**EXERCISE PROMPT**
All that is needed is the run of lines from the top of the entries to the line with "Bomag BW 213 D Yksivalssijyrät", that line included, repeated exactly and free of pictures.

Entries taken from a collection

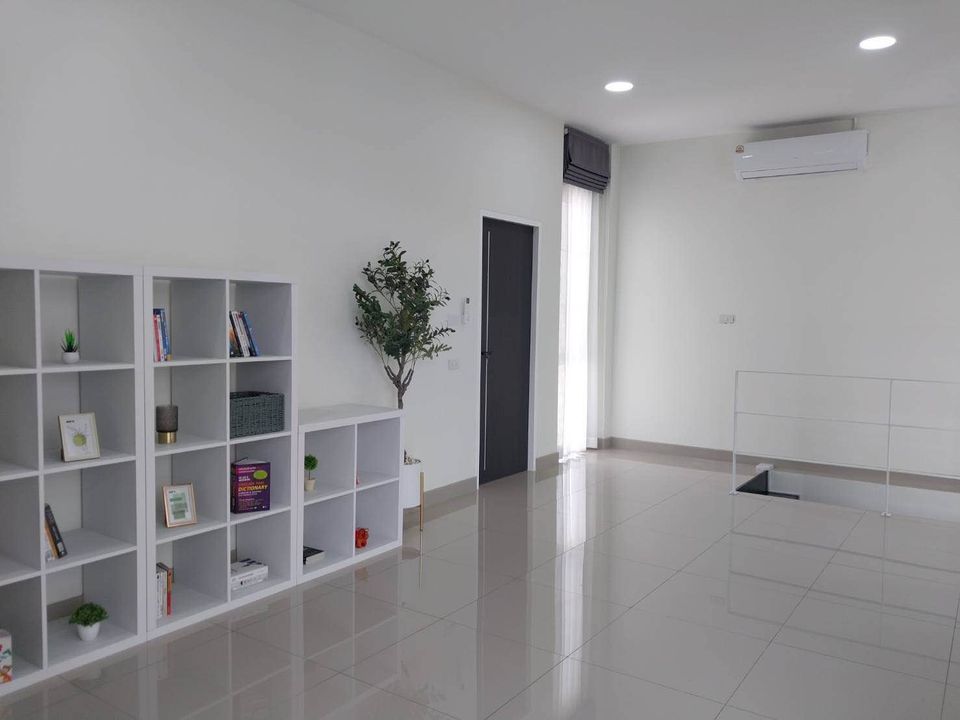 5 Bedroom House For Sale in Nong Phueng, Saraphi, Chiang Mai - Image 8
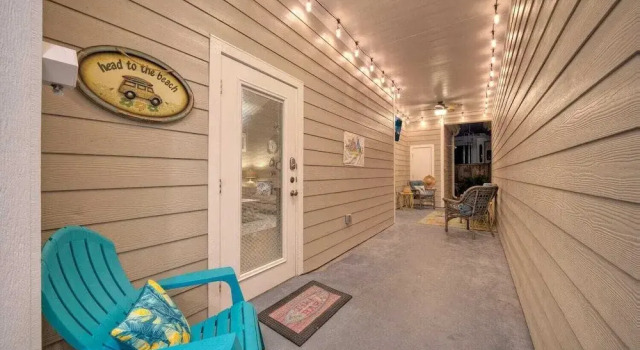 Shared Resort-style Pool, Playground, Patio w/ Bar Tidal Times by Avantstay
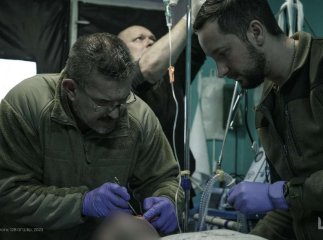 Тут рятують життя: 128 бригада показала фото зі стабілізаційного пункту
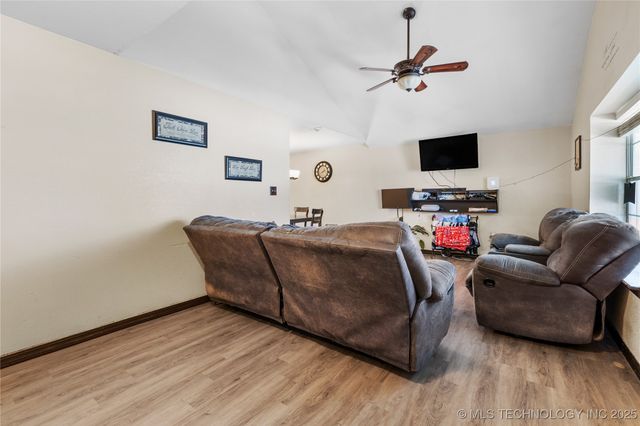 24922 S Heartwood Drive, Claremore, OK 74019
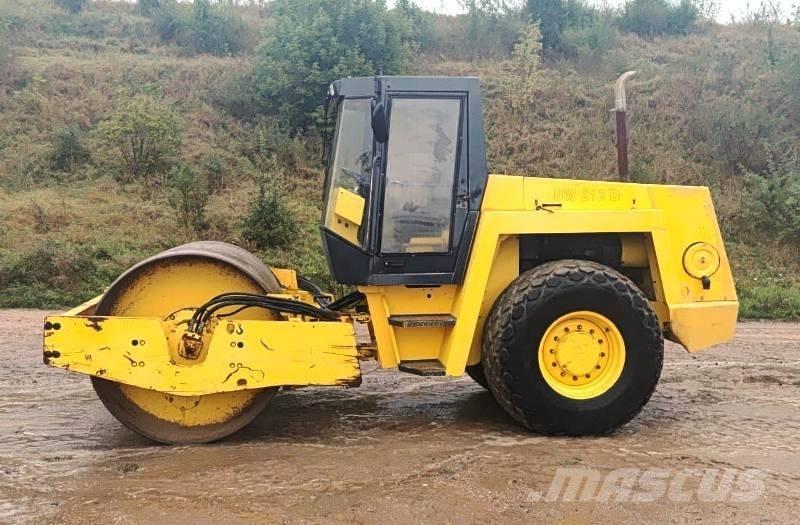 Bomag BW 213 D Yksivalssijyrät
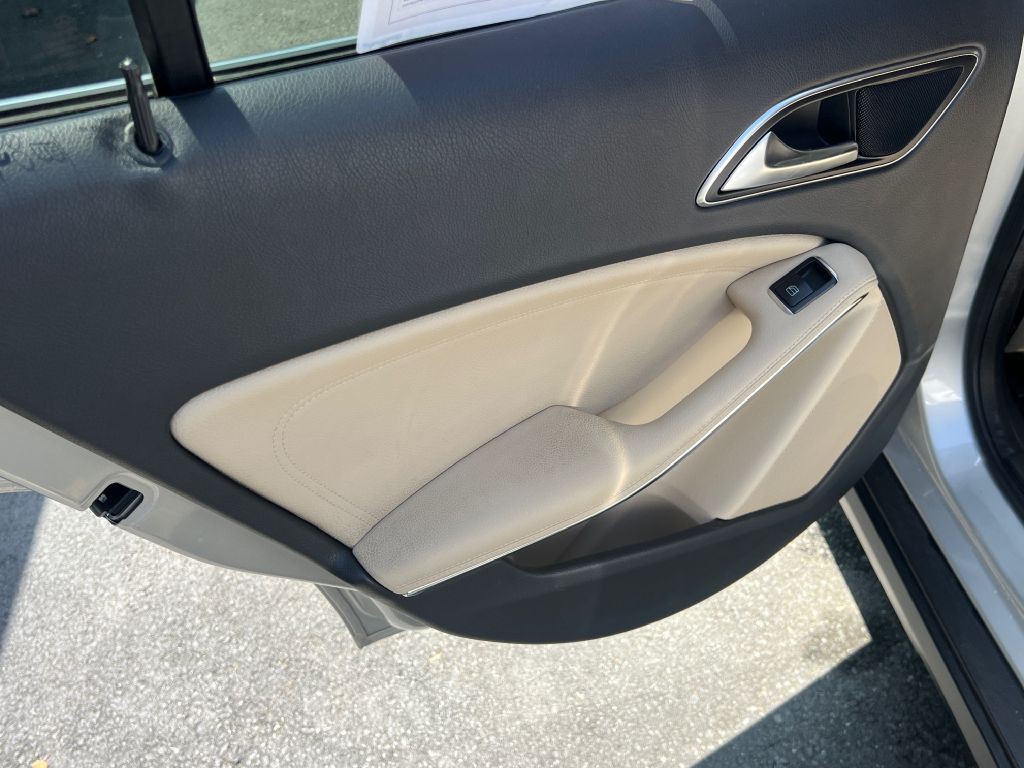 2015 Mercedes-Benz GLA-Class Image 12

**EXERCISE SOLUTION**
 5 Bedroom House For Sale in Nong Phueng, Saraphi, Chiang Mai - Image 8
 Shared Resort-style Pool, Playground, Patio w/ Bar Tidal Times by Avantstay
 Тут рятують життя: 128 бригада показала фото зі стабілізаційного пункту
 24922 S Heartwood Drive, Claremore, OK 74019
 Bomag BW 213 D Yksivalssijyrät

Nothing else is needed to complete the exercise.